BW20: Armchair Travels through the Middle East




As we sail around the mediterrean sea, visiting various ports of call, I'm drawn towards Israel.  So much safer visiting the Middle East vicariously in books, exploring the past, the present and the future.   I currently have James Michener's The Source on my nightstand, calling my name.  




In his signature style of grand storytelling, James A. Michener transports us back thousands of years to the Holy Land. Through the discoveries of modern archaeologists excavating the site of Tell Makor, Michener vividly re-creates life in an ancient city and traces the profound history of the Jewish people—from the persecution of the early Hebrews, the rise of Christianity, and the Crusades to the founding of Israel and the modern conflict in the Middle East. An epic tale of love, strength, and faith, The Source is a richly written saga that encompasses the history of Western civilization and the great religious and cultural ideas that have shaped our world.

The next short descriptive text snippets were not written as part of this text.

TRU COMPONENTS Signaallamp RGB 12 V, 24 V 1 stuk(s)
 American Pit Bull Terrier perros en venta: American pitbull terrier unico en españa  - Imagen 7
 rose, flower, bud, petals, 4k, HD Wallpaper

Bodie and Brock Thoene take us step by step through the rise of world war II in Vienna in the 1930's through the late 1940's to Israel's Declaration of Independence in their historical fiction series Zion Covenant and Zion Chronicles. Beautifully written and powerfully poignant, once I started reading, I couldn't stop until I'd consumed the whole series. 



Also on my nightstand is Joel Rosenberg's political middle eastern thriller The Third Hostage, which my son immediately absconded with and once he started reading it, couldn't put it down. His stories are spine chilling, finger nibbling, good. 



When New York Times foreign correspondent J. B. Collins hears rumors that an al-Qaeda splinter cell—ISIS—has captured a cache of chemical weapons inside Syria, Collins knows this is a story he must pursue at all costs. Does the commander of the jihadist faction really have the weapons? If so, who is the intended target? The U.S.? Israel? Or someone else? With tensions already high, the impending visit of the American president to the region could prove to be the spark that sets off an explosion of horrendous proportions. Knowing that terrorist forces are already trying to bring down two Arab governments in the region—Iraq and Syria—can Collins uncover the truth before it’s too late? Or will the terrorists succeed in setting their sights on the third target and achieving genocide? 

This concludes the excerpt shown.